Я бегаю в самые жаркие часы, в послеобеденный зной, и чувствую, как жар раскалившегося под летним солнцем черного асфальта проникает сквозь подошвы ботинок и обжигает ступни. Я ускоряю бег, но Безумие не отступает. Оно становится невыносимым. Пот струится по моему раскрасневшемуся лицу, заливая глаза. У Албица кожа белая как мел, и застывшая кровь покрывает тело с головы до ног. У Кермита к тому времени, когда его наконец нашли и положили в ящик, вся кожа посинела. А у Джефа, кажется, вообще не осталось кожи — даже матери показать было нечего.

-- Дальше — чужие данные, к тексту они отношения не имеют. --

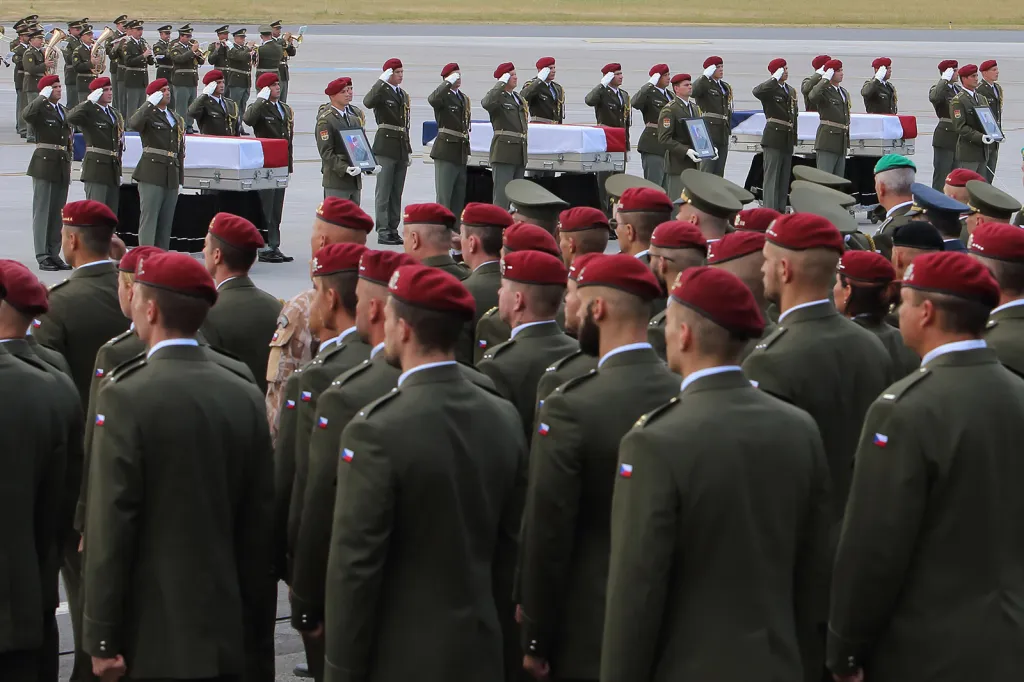 Těla tří českých vojáků, (Martina Marcina, Kamila Beneše a Patrika Štěpánka), kteří padli v Afghánistánu, dopravil ve středu 8. srpna do Česka letecký speciál. Na pražském letišti v Ruzyni proběhl po přistání pietní ceremoniál, kterého se zúčastnili pozůstalí i ústavní činitelé.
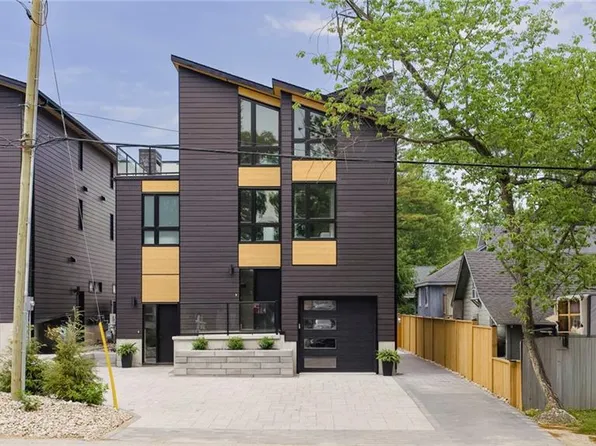 55 Centre St, Lambton Shores, ON N0M 1T0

Я бегаю каждый день по дороге и вдоль реки, что слева от меня. Иногда вид на реку загораживают деревья, кроны которых раскачиваются под ярким солнцем от легкого ветерка с воды. За пять миль отсюда у меня разболелось колено. Гнилые зубы вот-вот выпадут. В горле спазм. Левый глаз подергивается. Взрывная волна осыпала мою голову градом бетонной крошки, порвала барабанные перепонки, вывела из строя робота и забрызгала вездеход расплавленной сталью. Я тянусь к автомату.
Я бегу по дороге, что идет мимо моего дома, под гул дизелей армейских вездеходов «Хамви», в лучах багрового солнца, встающего над плоской пустыней. Безумие переполняет меня, разрывая грудную клетку, но изнемогающие от усталости легкие и сердце протестуют и умеряют его пыл. Безумие не отступает, но бег заставляет все тело пронзительно кричать — каждая его часть норовит перекричать другие.
Ступня лежит в коробке. А почему бы ей там не быть? Куда еще девать ногу? Она в коробке.
Я не хочу останавливаться. Адреналин накапливался в моем теле весь день и наконец получил выход. Сейчас он закипит и начнет переливаться через край. Ноги плохо слушаются меня, руки трясутся, но я продолжаю энергично размахивать ими. Безумие снова наполняет мои легкие и сердце, распирая грудную клетку. Глаз подергивается. Снова ускоряю бег.
Перед глазами все плывет, кружится голова. Вертолеты и пыль постепенно растворяются в воздухе. Я кладу автомат на землю и скидываю бронежилет. Пот течет, смывая грязь, по рукам Албица, по лицу Рики, донимает Кермита, Джефа и… кого там еще? Мое колено вопит громче тех женщин. Прерывистое дыхание сотрясает ребра. А я все бегу, бегу, бегу, стараясь отсечь в голове «тогда» от «сейчас».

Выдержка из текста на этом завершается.